▶ What is required: Below are records; copy every line among them that contains the word "online".

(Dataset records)
────────

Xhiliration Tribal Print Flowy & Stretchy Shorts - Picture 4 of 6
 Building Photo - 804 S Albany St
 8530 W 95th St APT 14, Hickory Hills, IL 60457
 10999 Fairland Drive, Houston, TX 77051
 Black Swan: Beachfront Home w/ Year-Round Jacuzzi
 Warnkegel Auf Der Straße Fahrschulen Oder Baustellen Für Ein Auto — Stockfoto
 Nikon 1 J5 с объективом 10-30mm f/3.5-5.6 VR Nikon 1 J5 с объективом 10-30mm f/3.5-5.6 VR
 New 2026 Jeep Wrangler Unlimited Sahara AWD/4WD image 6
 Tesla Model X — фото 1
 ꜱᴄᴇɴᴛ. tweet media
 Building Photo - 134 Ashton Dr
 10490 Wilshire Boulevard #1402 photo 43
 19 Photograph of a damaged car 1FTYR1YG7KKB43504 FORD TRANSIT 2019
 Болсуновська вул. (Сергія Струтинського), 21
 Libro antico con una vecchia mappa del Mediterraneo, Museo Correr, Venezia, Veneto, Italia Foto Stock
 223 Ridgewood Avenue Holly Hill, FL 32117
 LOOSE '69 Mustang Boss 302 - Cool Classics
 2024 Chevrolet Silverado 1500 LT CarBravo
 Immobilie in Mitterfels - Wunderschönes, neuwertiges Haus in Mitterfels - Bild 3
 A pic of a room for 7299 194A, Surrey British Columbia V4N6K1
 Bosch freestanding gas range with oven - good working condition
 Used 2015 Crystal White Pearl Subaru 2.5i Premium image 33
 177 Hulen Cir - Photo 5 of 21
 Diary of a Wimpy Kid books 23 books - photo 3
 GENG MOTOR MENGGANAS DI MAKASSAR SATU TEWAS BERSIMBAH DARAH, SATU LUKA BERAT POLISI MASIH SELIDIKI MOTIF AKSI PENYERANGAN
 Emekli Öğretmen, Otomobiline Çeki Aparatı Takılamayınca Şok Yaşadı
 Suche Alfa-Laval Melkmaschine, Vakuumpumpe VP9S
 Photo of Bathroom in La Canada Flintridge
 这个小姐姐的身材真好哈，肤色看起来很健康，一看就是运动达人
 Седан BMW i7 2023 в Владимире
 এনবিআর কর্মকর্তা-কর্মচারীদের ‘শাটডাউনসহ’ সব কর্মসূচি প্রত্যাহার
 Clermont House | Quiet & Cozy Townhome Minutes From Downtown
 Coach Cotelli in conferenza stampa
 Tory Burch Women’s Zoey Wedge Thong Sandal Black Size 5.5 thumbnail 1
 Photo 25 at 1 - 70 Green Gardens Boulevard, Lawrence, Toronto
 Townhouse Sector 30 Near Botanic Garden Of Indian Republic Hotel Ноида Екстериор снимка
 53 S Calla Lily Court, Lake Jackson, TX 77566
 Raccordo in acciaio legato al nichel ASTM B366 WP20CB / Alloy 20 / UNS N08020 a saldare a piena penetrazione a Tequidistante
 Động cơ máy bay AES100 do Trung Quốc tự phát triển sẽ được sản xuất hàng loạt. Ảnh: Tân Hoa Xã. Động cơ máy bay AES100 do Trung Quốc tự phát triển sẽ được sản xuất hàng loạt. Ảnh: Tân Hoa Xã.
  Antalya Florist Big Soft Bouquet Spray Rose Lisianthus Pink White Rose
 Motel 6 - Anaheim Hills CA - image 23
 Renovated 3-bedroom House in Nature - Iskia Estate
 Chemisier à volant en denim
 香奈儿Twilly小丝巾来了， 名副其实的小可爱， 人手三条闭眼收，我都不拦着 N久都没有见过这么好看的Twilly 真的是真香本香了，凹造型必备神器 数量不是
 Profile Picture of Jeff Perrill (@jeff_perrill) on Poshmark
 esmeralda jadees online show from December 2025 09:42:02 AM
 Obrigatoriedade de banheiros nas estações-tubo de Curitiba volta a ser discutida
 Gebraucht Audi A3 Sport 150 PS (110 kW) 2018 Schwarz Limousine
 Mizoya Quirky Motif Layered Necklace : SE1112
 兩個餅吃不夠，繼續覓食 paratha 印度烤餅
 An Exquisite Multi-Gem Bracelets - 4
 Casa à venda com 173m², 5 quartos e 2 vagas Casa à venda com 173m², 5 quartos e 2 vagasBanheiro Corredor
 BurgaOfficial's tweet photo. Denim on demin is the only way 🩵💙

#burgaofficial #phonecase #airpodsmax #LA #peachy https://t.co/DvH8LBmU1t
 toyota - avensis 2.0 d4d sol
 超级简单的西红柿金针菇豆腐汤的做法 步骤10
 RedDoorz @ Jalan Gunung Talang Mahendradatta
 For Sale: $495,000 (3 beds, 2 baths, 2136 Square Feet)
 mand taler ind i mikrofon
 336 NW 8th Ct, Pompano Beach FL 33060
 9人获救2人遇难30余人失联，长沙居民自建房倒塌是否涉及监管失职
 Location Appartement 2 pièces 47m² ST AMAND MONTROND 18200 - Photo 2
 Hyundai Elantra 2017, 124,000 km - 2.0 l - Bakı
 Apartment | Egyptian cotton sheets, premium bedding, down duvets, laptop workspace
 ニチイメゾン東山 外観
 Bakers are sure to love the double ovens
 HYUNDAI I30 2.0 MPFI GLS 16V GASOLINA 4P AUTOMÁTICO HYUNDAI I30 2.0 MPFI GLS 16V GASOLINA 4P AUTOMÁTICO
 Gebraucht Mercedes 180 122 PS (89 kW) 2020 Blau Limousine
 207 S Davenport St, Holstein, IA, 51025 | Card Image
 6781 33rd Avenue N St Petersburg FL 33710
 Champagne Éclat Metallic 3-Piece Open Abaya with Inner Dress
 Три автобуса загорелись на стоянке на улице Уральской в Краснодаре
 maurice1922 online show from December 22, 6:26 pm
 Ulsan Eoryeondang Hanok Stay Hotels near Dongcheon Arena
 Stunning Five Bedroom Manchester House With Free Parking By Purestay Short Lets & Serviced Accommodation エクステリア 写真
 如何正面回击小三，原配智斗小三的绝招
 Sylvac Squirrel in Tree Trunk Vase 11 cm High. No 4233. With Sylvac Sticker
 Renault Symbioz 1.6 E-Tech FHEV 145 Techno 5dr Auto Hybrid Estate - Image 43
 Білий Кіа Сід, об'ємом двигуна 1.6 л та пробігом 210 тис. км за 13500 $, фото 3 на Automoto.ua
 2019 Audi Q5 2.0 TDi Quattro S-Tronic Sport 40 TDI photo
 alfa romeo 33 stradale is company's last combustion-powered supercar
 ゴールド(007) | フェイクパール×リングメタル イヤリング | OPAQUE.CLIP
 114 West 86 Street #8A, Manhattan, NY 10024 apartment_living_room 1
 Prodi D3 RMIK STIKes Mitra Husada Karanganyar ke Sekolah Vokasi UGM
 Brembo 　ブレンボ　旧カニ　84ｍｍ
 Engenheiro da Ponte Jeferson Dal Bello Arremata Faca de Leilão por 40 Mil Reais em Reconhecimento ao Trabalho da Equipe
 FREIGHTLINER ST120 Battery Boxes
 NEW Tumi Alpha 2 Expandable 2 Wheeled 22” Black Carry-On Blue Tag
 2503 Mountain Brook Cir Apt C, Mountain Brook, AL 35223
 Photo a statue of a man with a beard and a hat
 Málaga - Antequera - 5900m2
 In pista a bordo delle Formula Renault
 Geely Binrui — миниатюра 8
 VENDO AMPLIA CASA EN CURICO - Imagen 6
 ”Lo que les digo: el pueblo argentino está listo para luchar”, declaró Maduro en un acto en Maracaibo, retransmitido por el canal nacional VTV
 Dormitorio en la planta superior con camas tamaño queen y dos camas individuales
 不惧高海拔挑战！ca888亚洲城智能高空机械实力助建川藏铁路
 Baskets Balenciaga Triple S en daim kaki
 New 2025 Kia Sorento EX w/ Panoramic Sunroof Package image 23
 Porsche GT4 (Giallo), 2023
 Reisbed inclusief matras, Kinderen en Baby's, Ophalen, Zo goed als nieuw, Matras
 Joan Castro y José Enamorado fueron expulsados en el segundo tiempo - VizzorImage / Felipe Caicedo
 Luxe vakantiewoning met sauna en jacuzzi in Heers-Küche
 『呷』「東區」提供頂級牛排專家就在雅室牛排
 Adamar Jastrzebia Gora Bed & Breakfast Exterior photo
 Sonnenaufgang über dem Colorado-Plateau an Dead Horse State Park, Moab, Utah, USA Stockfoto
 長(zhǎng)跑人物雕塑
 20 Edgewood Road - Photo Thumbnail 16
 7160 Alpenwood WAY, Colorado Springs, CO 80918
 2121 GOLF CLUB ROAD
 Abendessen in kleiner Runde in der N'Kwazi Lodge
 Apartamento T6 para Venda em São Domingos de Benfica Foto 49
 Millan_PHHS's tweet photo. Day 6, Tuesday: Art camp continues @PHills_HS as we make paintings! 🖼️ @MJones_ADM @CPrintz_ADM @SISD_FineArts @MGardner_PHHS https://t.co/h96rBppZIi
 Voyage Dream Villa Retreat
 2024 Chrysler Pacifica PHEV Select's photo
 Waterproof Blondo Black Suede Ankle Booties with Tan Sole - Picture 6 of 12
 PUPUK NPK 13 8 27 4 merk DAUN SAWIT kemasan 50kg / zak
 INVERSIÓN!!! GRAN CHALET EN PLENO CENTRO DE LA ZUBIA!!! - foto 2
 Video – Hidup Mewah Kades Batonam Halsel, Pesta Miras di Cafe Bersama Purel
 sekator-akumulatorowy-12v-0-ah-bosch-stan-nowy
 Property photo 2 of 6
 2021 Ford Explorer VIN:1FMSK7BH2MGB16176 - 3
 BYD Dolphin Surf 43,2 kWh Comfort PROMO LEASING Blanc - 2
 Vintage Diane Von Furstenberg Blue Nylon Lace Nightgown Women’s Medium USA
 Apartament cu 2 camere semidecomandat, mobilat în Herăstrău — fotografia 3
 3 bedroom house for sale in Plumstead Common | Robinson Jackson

────────

▶ Response box:
 esmeralda jadees online show from December 2025 09:42:02 AM
 maurice1922 online show from December 22, 6:26 pm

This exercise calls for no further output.